### Task instructions
The reply must contain exactly the lines below from the one with "Welcome to Enable" down to the one with "Welcome to our", both included, and nothing more; please omit the pictures.

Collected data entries
"""
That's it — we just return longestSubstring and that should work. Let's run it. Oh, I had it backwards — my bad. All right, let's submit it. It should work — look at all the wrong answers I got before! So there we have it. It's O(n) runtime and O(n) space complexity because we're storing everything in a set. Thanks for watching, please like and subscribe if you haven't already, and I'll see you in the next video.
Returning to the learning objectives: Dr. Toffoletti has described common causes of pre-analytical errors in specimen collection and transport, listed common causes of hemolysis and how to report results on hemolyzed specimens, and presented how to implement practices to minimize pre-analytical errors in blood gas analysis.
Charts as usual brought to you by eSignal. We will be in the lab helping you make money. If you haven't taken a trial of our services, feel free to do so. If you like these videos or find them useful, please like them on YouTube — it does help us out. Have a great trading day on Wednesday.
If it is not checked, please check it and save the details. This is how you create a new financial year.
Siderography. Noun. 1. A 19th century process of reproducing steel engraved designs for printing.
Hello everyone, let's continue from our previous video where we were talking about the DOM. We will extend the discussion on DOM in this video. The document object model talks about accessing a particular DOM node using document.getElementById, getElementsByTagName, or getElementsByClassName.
"""
"""
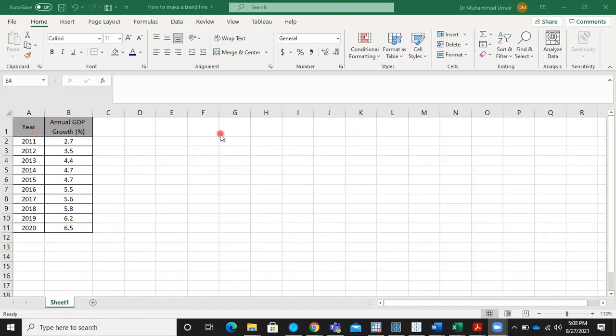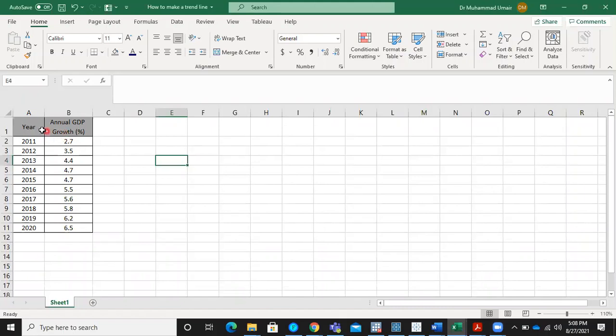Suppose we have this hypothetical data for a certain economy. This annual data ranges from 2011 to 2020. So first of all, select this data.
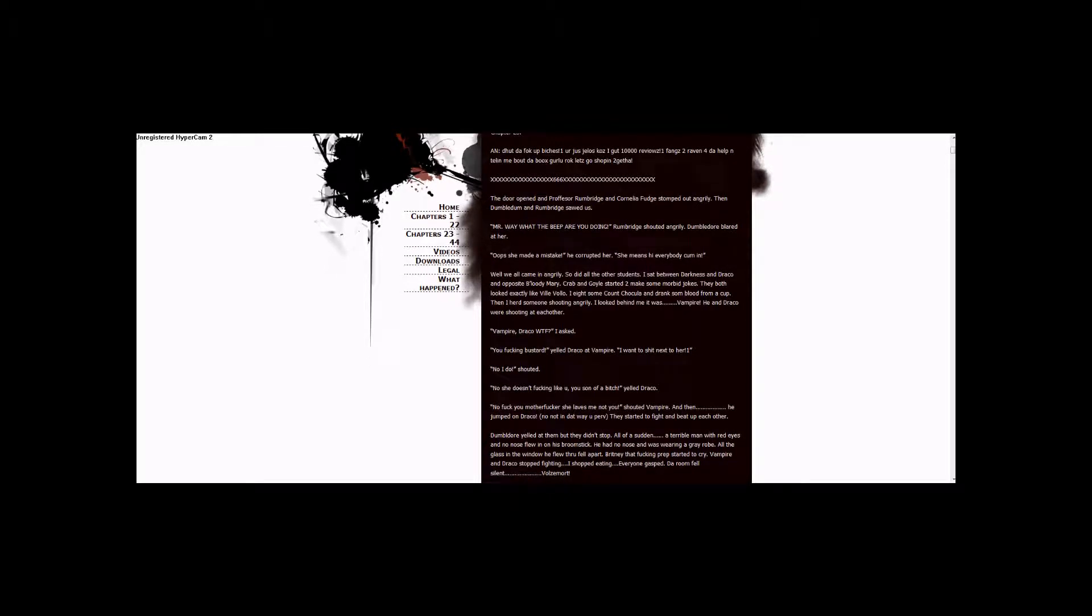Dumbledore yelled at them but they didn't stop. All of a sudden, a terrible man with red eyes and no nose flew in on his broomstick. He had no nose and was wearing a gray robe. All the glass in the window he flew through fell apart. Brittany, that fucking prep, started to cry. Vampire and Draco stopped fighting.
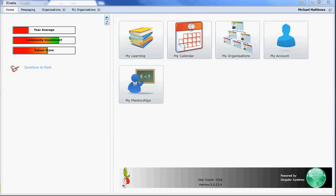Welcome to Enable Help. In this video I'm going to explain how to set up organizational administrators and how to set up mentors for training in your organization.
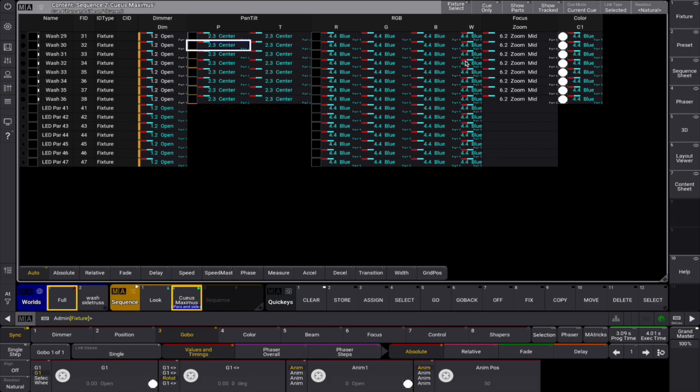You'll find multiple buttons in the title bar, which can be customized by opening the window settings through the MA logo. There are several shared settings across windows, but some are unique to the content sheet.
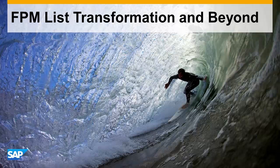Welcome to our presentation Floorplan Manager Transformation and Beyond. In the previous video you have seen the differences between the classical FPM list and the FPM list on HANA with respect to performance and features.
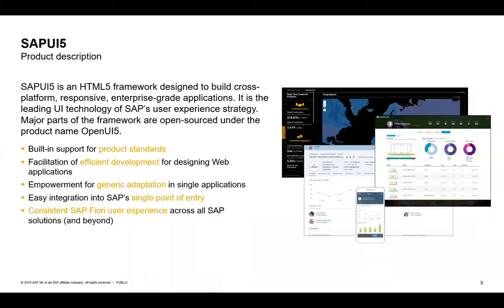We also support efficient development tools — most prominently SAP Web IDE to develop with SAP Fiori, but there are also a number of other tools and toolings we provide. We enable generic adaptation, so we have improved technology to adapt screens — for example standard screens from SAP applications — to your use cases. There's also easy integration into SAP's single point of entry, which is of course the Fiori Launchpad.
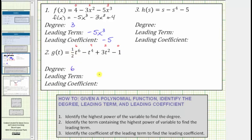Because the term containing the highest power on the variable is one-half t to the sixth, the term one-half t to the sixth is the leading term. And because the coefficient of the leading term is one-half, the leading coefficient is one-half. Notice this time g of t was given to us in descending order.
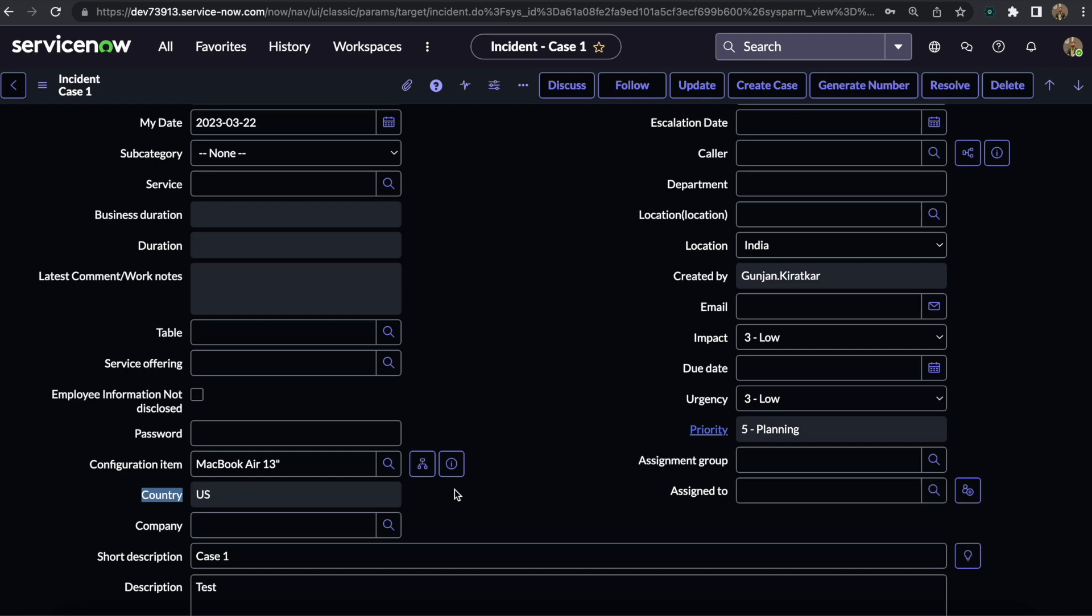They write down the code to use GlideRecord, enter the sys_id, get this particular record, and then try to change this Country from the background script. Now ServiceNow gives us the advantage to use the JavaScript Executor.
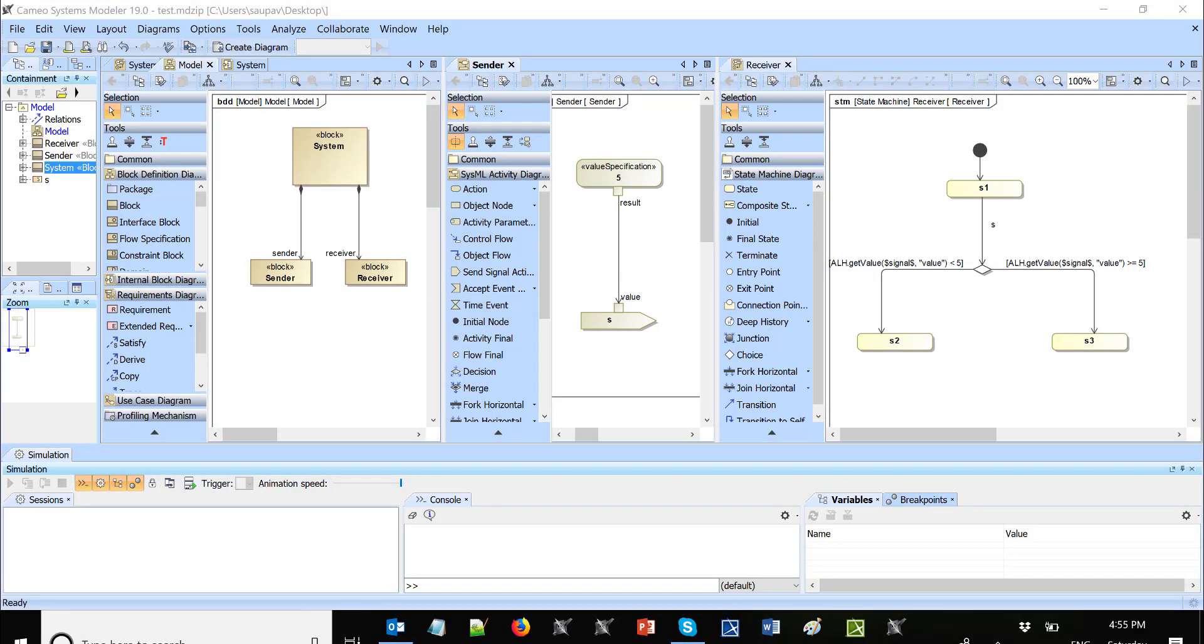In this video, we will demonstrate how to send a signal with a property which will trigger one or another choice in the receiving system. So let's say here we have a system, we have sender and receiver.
"""
"""
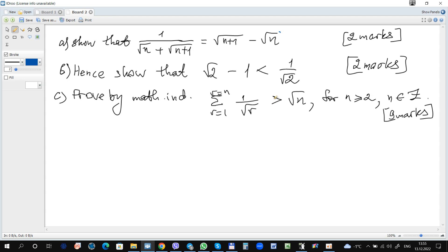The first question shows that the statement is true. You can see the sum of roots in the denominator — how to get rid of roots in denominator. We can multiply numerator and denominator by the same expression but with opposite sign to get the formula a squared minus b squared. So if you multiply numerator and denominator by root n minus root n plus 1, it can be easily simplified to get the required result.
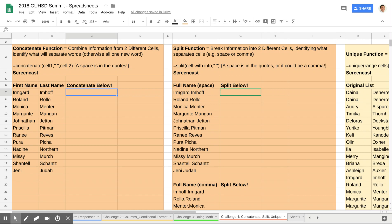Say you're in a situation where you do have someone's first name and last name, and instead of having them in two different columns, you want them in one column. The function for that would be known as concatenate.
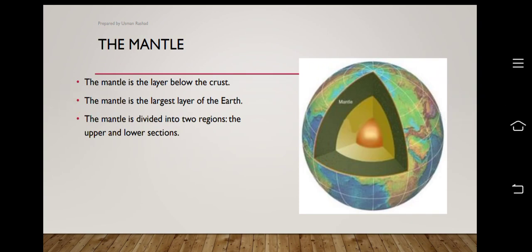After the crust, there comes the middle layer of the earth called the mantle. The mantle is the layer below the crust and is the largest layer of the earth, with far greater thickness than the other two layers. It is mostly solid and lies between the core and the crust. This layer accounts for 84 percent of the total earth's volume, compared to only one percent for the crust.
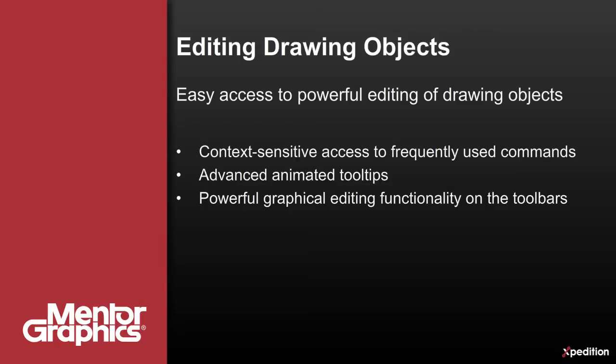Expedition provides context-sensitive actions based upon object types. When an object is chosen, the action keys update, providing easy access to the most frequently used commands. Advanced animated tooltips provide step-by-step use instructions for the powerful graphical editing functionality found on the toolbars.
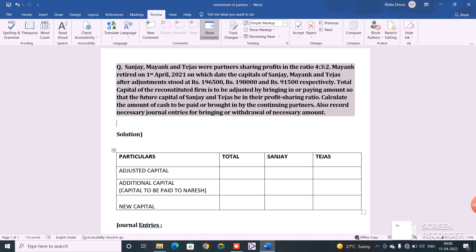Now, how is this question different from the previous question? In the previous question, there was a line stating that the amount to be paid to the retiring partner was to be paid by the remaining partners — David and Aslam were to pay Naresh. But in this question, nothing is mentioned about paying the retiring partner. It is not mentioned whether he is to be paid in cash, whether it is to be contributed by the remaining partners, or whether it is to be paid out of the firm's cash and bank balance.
"""
### Exercise result
Welcome to Enable Help. In this video I'm going to explain how to set up organizational administrators and how to set up mentors for training in your organization.
You'll find multiple buttons in the title bar, which can be customized by opening the window settings through the MA logo. There are several shared settings across windows, but some are unique to the content sheet.
Welcome to our presentation Floorplan Manager Transformation and Beyond. In the previous video you have seen the differences between the classical FPM list and the FPM list on HANA with respect to performance and features.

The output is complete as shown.